Depuis quelques années, les petits parcs français font de la résistance aux mastodontes en ne cessant d’investir. L’exemple même est celui de Fraispertuis City qui est en train de s’offrir pour cette année, une free fall Intamin avec quatre positions différentes.
Parmi tous ces parcs régionaux, on trouve Dennlys Parc. Situé dans le Pas-de-Calais, à Dennebroeucq, le parc ne cesse d’investir dans de nouvelles attractions au fil des saisons. Free fall, disk’O, coaster, il y en a pour tous les goûts. De ce fait, pourquoi ne pas aller à la rencontre de l’homme derrière tout ça ?
Le rendez-vous est pris pour ce jeudi 13 avril 2017. Fréquentation, investissements pour la saison 2017, futurs projets, relations avec les autres parcs : tous les sujets ont été abordés.
Fréquentation du parc
Bonjour Christian Crunelle. Merci d’avoir accepté notre demande et de bien vouloir répondre à nos questions.
Christian Crunelle : Bonjour. Pas de problème, on peut y aller, je suis prêt.
Avant de commencer, le site Coasters World et moi-même vous présentons nos sincères condoléances pour le décès de votre père (Gérard Crunelle, ancien directeur du parc et père de Christian Crunelle, est décédé le 7 avril 2017 à 84 ans). Il était fier de l’évolution du parc ?
Très fier. D’ailleurs, malgré le fait qu’il m’avait passé le flambeau, il était toujours les parages. Il venait voir les chiffres de fréquentation, si il n’y avait pas de problème particulier. Il avait aussi un rituel. Lorsque le parc fermait ses portes, il venait s’installer en terrasse pour boire sa bière tout en contemplant le parc.

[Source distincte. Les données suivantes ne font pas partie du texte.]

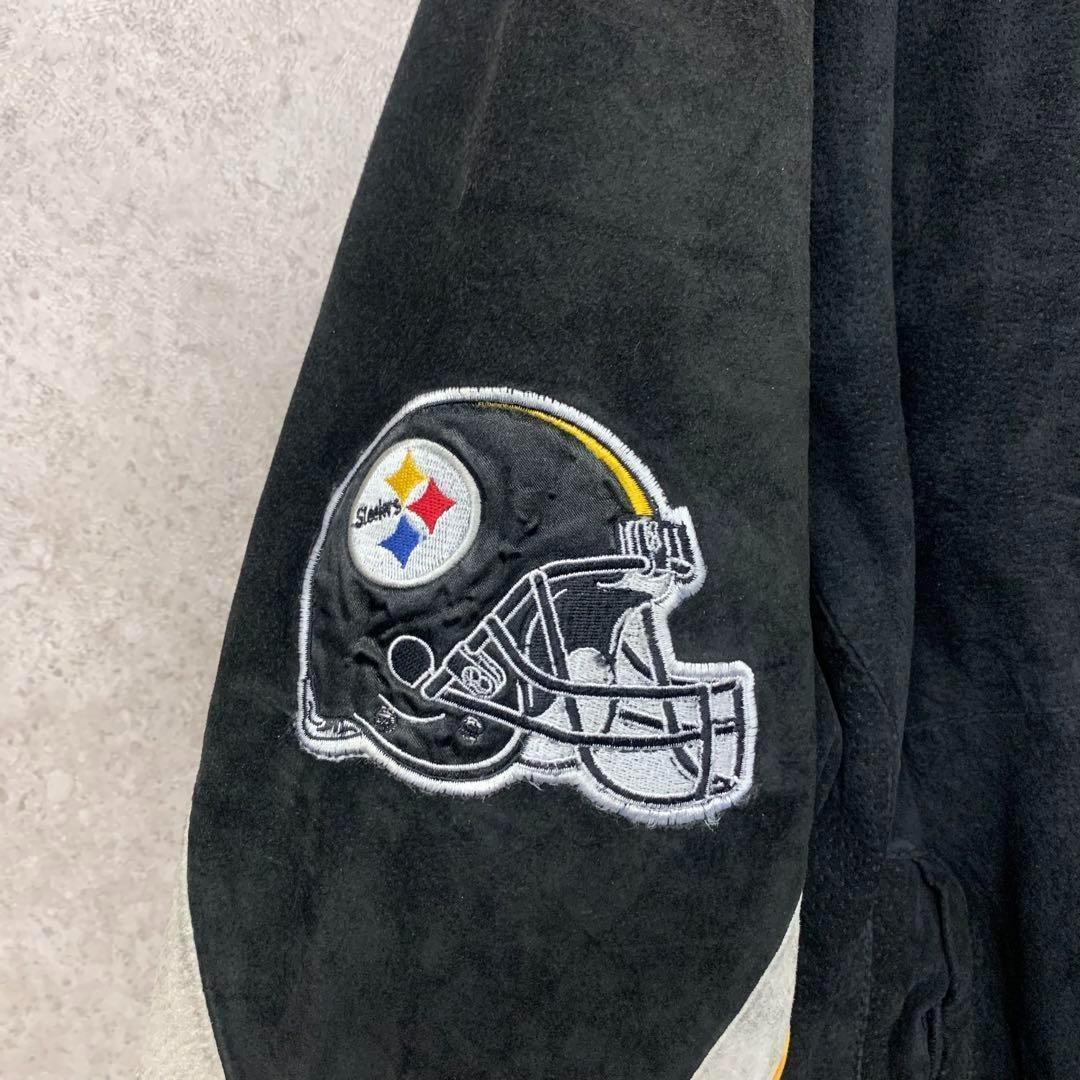 【希少XL☆US輸入90s】NFLスティーラーズ 両面刺繍レザージャケット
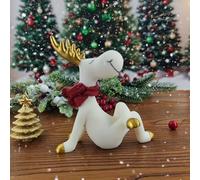 TEMU 1 Estatuilla de Reno Navideño , Figura de en Resina Transparente, Adorno de Cartoon para Decoración del Hogar Festiva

Du chemin a été parcouru depuis l’ouverture du parc en 1983, notamment en terme de fréquentation. Cela fait deux années que vous battez votre nombre de visiteurs. Vous vous y attendiez ?
Pas vraiment. A chaque fois, on a l’espoir de réaliser tel ou tel chiffre de fréquentation mais dans ce domaine, on ne peut rien prévoir. On est totalement dépendant de la météo. L’année dernière, nous avons eu du très beau temps et cela nous a permit d’atteindre les 227 000 entrées. Si cette année, on a du mauvais temps au mois d’août, je suis sûr que l’on ne va pas égaler le chiffre de 2016.
Si je comprends bien, le mois d’août est important pour vous ?
Oui, très important. Cette période représente 50% de notre nombre de visiteurs annuel. D’ailleurs, l’année dernière, c’est au mois d’août que nous avons eu des pics de fréquentation atteignant les 6 000 visiteurs sur une journée. Cependant, c’était très dur à gérer tout ce monde.
Vous avez un seuil maximal de fréquentation ?
A partir de 5 000 visiteurs dans le parc, les choses se compliquent (rires).
Investissements pour la saison 2017
Passons si vous le voulez bien aux travaux réalisés dans le parc cet hiver. Pouvez-vous nous expliquer ce qui a été entreprit ?
Cet hiver, nous avons eu deux zones d’action. La première se trouvait au fond du parc où nous avons installé notre nouvelle attraction, Desperado 4D, à la place du Manoir Hanté. La deuxième était la zone de restauration au centre du parc où nous avons tout repensé en rajoutant une thématisation médiévale.
Comment vous ai venu l’idée d’un cinéma 5Di ?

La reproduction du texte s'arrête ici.